Experts say Ottawa’s role in housing sector has grown (Richard Raycraft · CBC News)

  • end single family exclusionary zoning, incentivize and fast-track new developments to start gently densifying into missing middle townhouses and multiplexes

    Why do we even need to do this? The population didn’t magically triple in the last 5 years. We should not have run out of housing this fast, so where did it all go?

    • Because its a limitation of personal property rights and freedom. Why can’t I as a property owner turn my single family home into a ground level cafe/bakery with 4 units above if I have the capital? It’s a government overstep that limits our supply, artificially increasing demand and cost, and gets in the way of entrepreneurship. Having relative freedom over property usage was only something recently taken away in the last 80 or so years due to racist white flight to the suburbs.
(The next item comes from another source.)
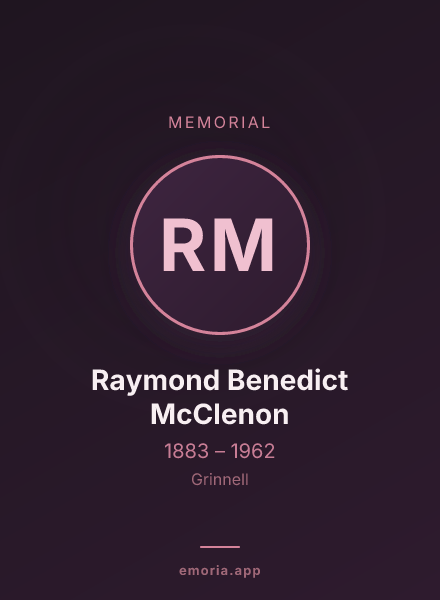 Memorial portrait of Raymond Benedict McClenon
      While populations hasn’t tripled in the last 5 or so years, we are experiencing growth pains that investors and speculators are taking advantage of limited supply, and relying on the fact we will have limited supply for some time to come as long as the zoning stays as the status quo.

      • Cramming people into tiny apartments is not a solution to this problem. Clawing back all the property that’s been gobbled up by “investors” over the last few years, and then selling it at a reasonable price to people who will actually live in it, is a solution to this problem.

        And spare me your complaints about “entrepreneurship” and “government overstep”. There’s nothing innovative about house hoarding and rent seeking.

        Every working family should have the ability to own a house with a yard for the kids to play in, as my family did when I was young. That’s the minimum acceptable standard of living for a developed nation. Not being packed like sardines into tiny apartments. This is not the Soviet Union.